Alyson Schafer, family counsellor and parenting author in Kingston, Ont., says to combat mean kids, parents must model good behaviour to their children.Twenty47studio/iStockPhoto / Getty Images
But meanness works well – and kids know it. “Even in younger kids, they know the ones who are mean will be popular, not necessarily well-liked. But they will rule the school.” With my own daughter, the girls who exclude her are somehow the ones she seeks to impress.
The challenge, then, is how to teach that being a mean girl isn’t cool. And, as with most important lessons, it starts with parents doing the hard work, says Alyson Schafer, family counsellor and parenting author in Kingston, Ont.
First, she advises parents look at their own behaviour. Do they put their hands on their hips when directing their child? Do they gossip about other adults when the kids can hear? Do they treat restaurant servers kindly?
“If you have a bossy little kid, you have likely modelled somewhere that to be the one with power, you talk down and you push other people around,” she said.
Schafer said mean girl behaviour – excluding others, deciding where everyone will sit, dictating the activity – often happens on playdates, for example, because “parents seem to think it’s coffee time,” while the kids go off on their own. But, she said, playdates are where parents should be working the hardest.
“You have to be there, correcting, stating good values and positive affirmations … and engaging everyone all the time to be kind. Like, ‘Actually your friend gets to pick where she sits. Actually, there’s always room for everyone to play with the toys.’”
When Schafer hosted playdates, she would tell the other parent in advance that she wouldn’t be afraid to send their child home if they were being hostile or unkind. “I want my kids to know I have a zero-tolerance policy for that kind of behaviour.”

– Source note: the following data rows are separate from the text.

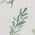 Color Swatch - Ivory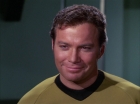 Filename=ariane179254_StarTrek_3x16_TheMarkOfGideon_3179.jpg
Filesize=86KiB
Dimensions=1440x1080
Date added=May 31, 2015 ariane179254_StarTrek_3x16_TheMarkOfGideon_3179.jpg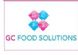 Cold Store Construction in BRISTOL - GC Food Solutions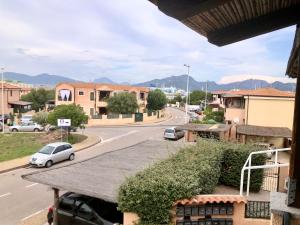 Marina Butterfly img36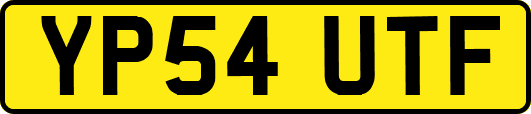 YP54UTF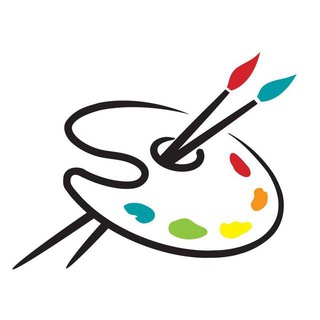 Сам себе галерист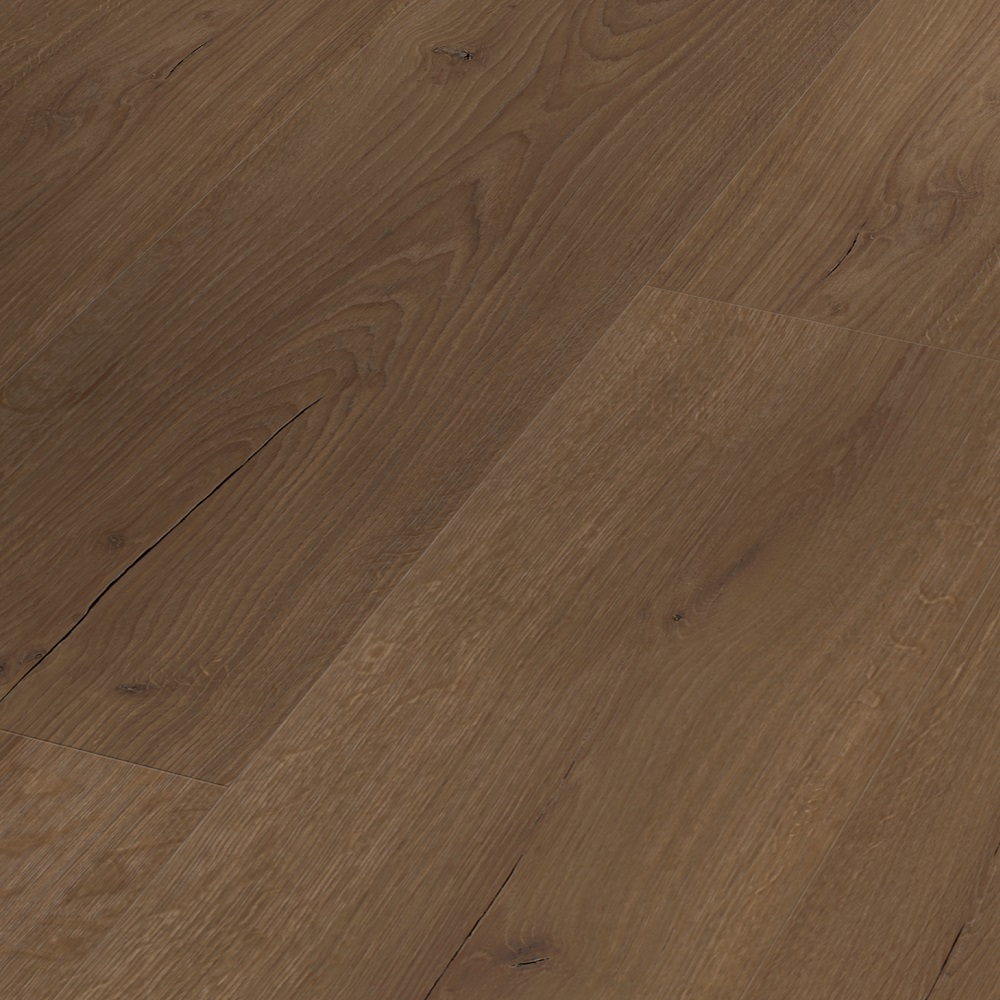 PARADOR Vinylboden Eiche Infinity antik Lebhafte Struktur Landhausdiele | Basic 30 | 16,5 m²-4014809191834 guenstig bei bodenverkauf.de kaufen PARADOR Vinylboden Eiche Infinity antik Lebhafte Struktur Landhausdiele | Basic 30 | 16,5 m²-4014809191834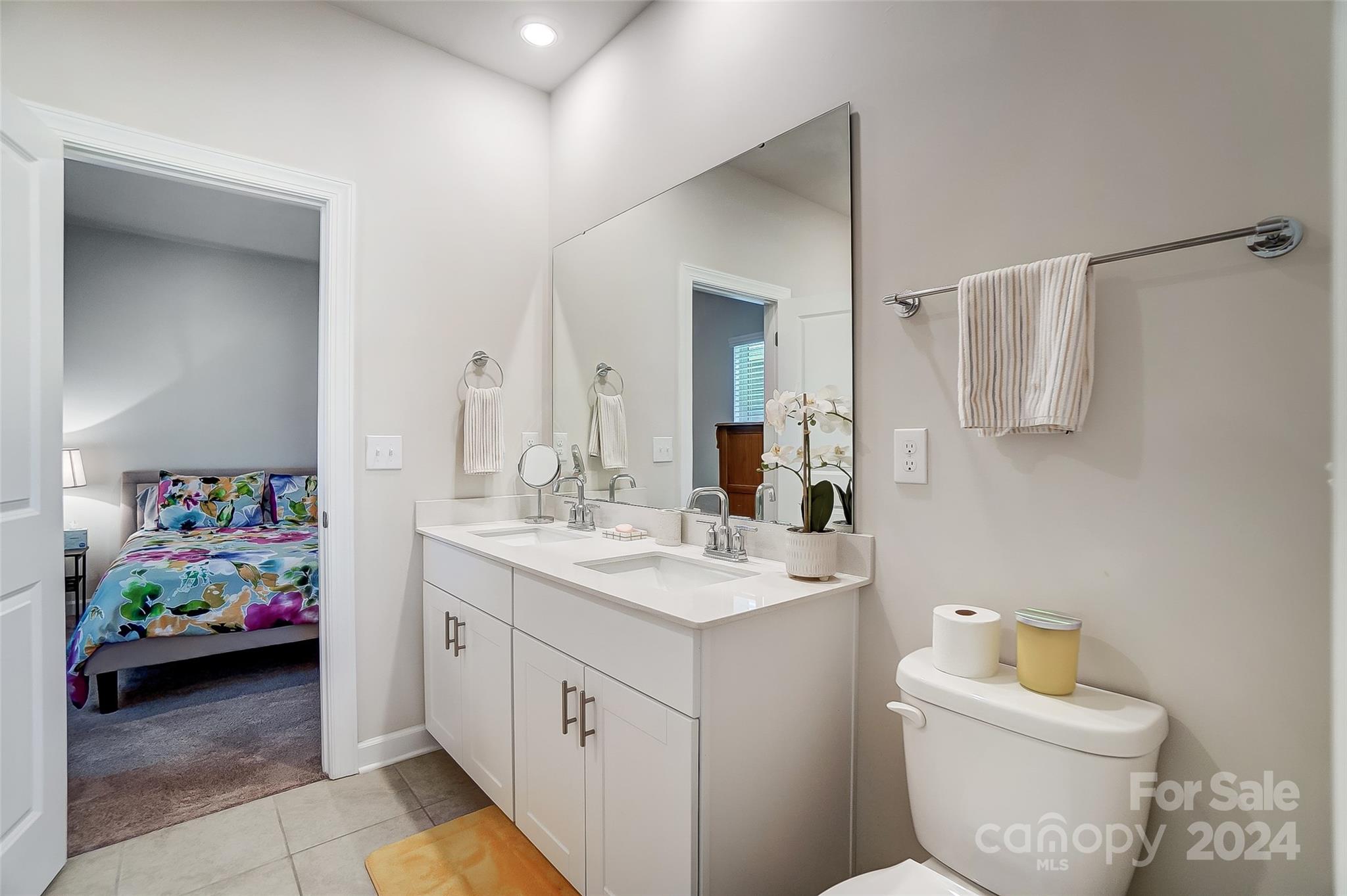9179 Myrna Drive Unit: 25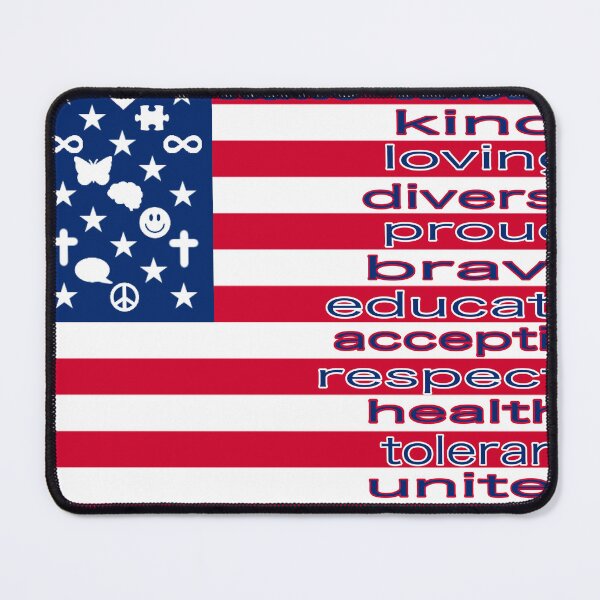 Item preview, Make America... designed and sold by Proenza-Product.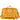 Fjällräven Kånken Weekender - Reisetasche 44 cm (ochre)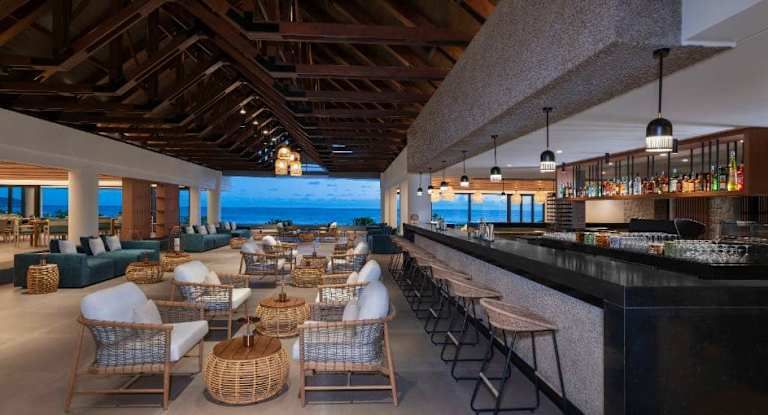 Avani+ Barbarons Seychelles - 4* pas cher photo 8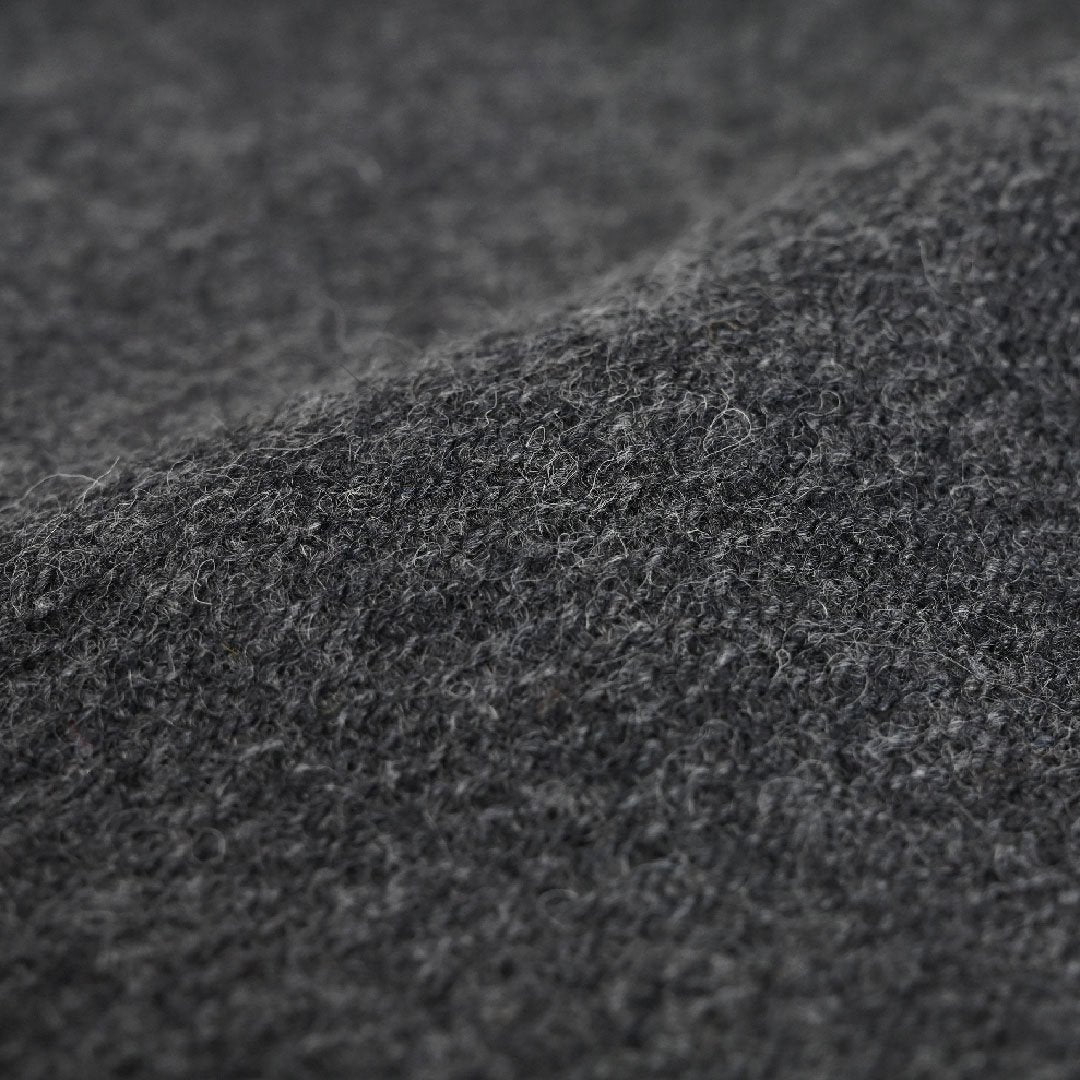 Products Grey Coating Fabric 99793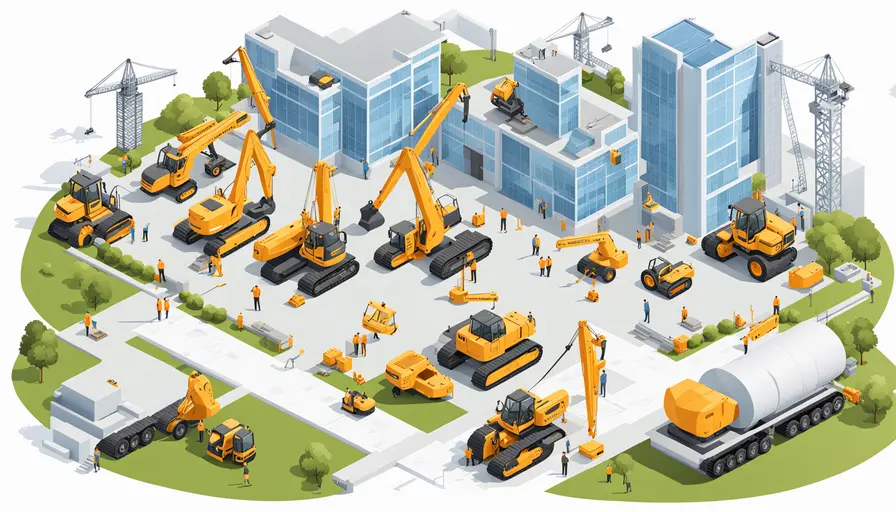 建设项目和培育项目区别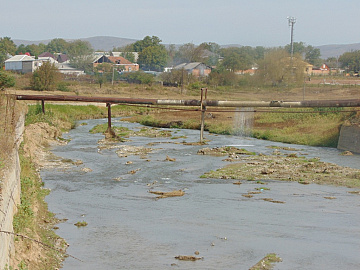 DSC00164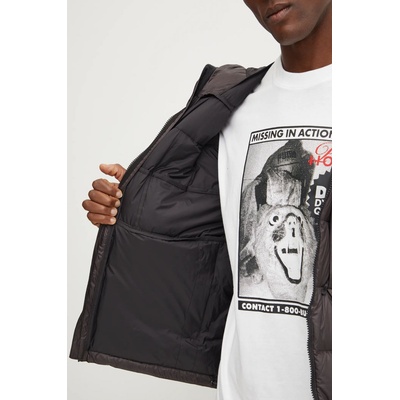 Picture Пухено яке Picture Hi Puff Down (SMT0150)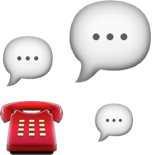 перезвоним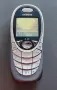 Siemens S55 - без зарядно, снимка 11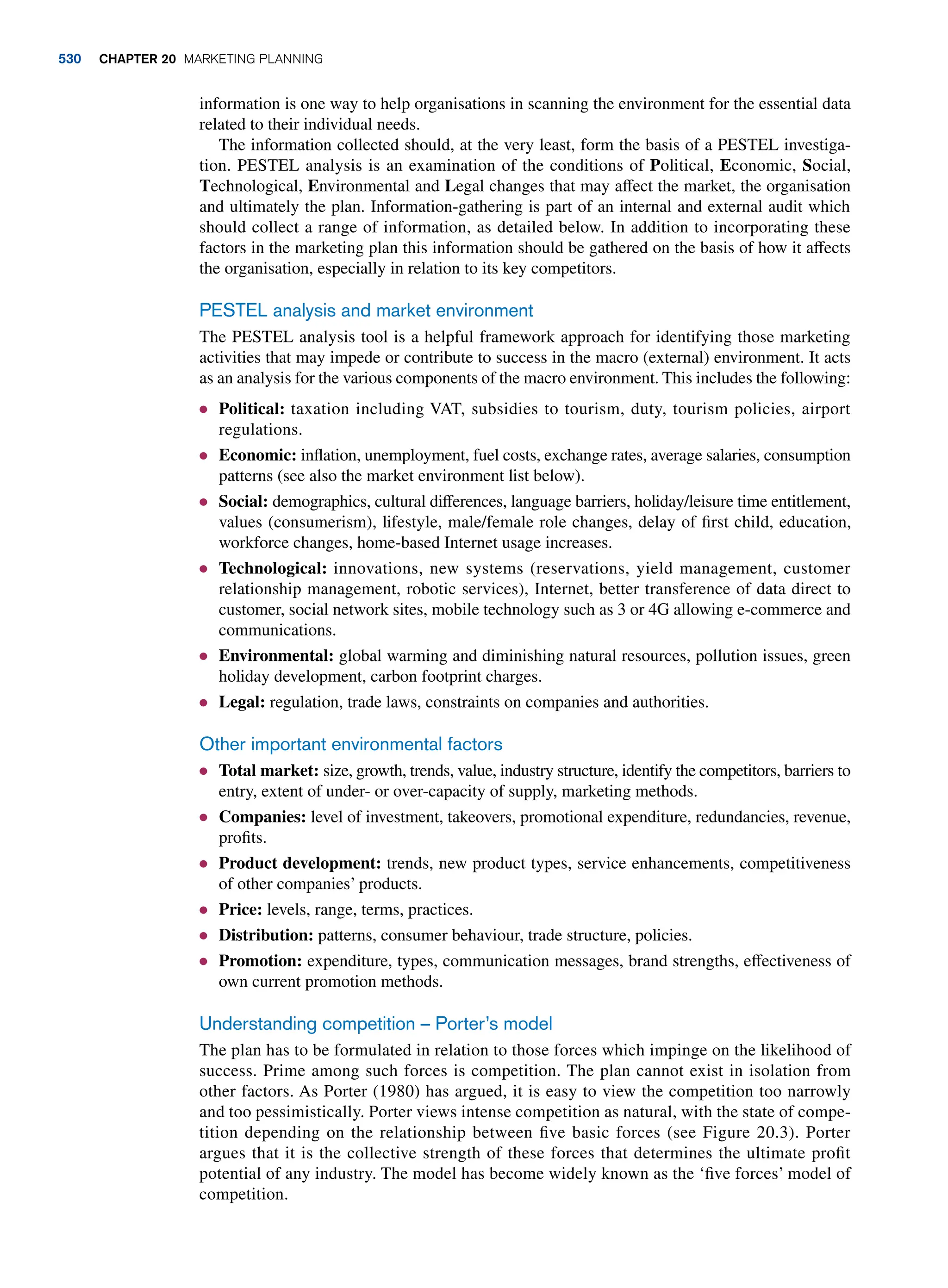 tourism-principles-and-practice_compress.pdf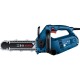 Ланцюгова пила Bosch Professional для газобетонных блоків GAC 250, 1200 Вт, 330 мм, 3/8 (0.601.2B6.020)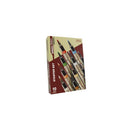 Army Painter Speedpaint Markers Starter Set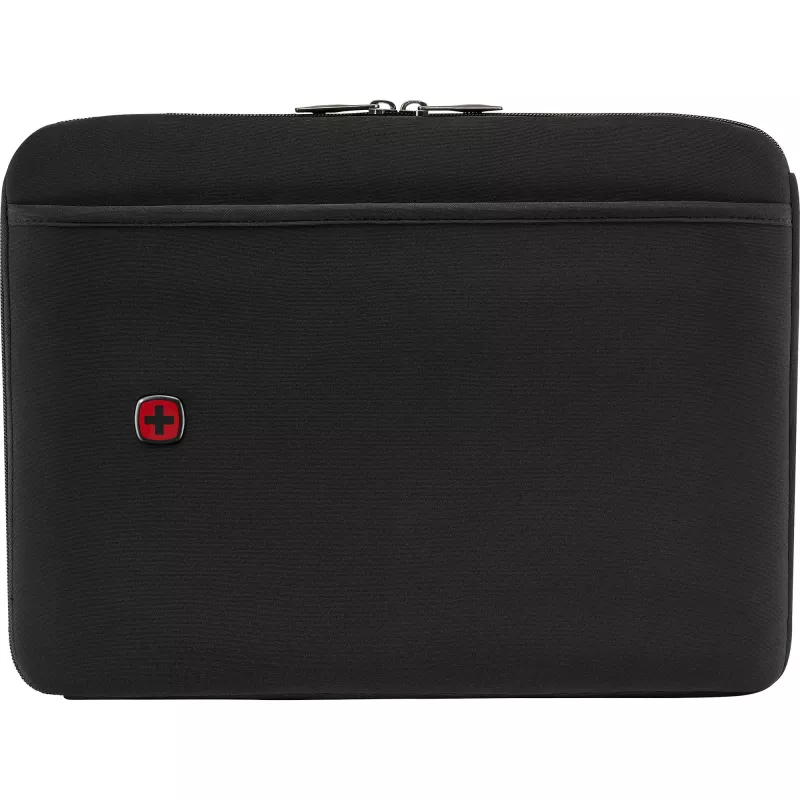 Custodia sleeve in neoprene per laptop 14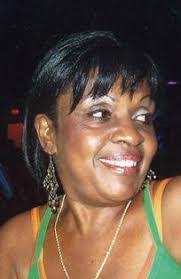 Vicky Ferrell's Instagram, Twitter & Facebook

Days after the gymnastics incident, my daughter finally told me what had happened. She’d noticed that her little sister looked scared at the back of the trampoline line, so she gave up her spot at the front and explained why to the other girls. The queen bee of the group snapped “you’re not special just because you have a sister” – and the pecking began.
I told my daughter I was proud of her small but real act of courage. Supporting her sister was the strongest thing she could have done that day at gymnastics.
If meanness spreads easily, maybe kindness can too. And that starts not with the kids in the line but with the adults in the stands.